▸ THE PROBLEM
The answer must reproduce the listing exactly, with every picture left out.

▸ SUPPLIED INFORMATION
• • • • • • •

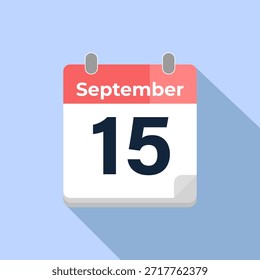 Calendario de Vector del 15 de septiembre
Calendario de Vector moderno de color plano con fecha
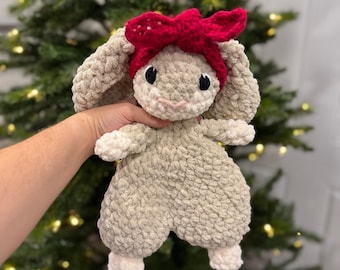 Kaningosedjur, kaninplysch, babyshowerpresent, barnrumsdekor i skogsmark, kaninälskling, handgjort gosedjur, kaninbarnrumsdekor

• • • • • • •

▸ TASK RESULT
 Calendario de Vector del 15 de septiembre
Calendario de Vector moderno de color plano con fecha
 Kaningosedjur, kaninplysch, babyshowerpresent, barnrumsdekor i skogsmark, kaninälskling, handgjort gosedjur, kaninbarnrumsdekor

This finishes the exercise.